# Fishing Off 528



## MarkDido (Jul 6, 2003)

My neighbor and I were headed back from Sebastian Inlet and Jetty Park on Saturday afternoon when we decided to stop along 528. Both places were packed and you neded a ticket to get on to either jetty!

We pulled in at the bridge over the Indian River and fished there for a little while. Not much happening, but I was thinking how nice and uncrowded that stretch along 528 was. You don't have to be elbow-to-elbow with another person, or wind up getting tangled up by someone livelining a mullet. That and I can work directly out of the back of my truck instead of having to load up the cart and schlep it 1/2 mile to the jetty.
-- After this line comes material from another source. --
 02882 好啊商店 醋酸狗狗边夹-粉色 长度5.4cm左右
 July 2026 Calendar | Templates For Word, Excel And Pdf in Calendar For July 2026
I know that the inlets are the primo areas to fish, but how would youu rate the fishing along this stretch, and what should I be looking for, fish wise?

Thanks!


----------



## Redsgurl (Nov 3, 2003)

I've caught Red's there, and some nice trout. Unfortunately, you will get more than your fair share of catfish if youre usin mullet. I like it too, for the same reasons you stated, and the availability of finger mullet. And if you go to the stretch right before U.S.1, and go down onto the south side, there's a lil cove down there that almost always holds bait. There are a couple of docks on the north side that hold trout, jacks at night, especially when it gets cold. Hope this helps........


----------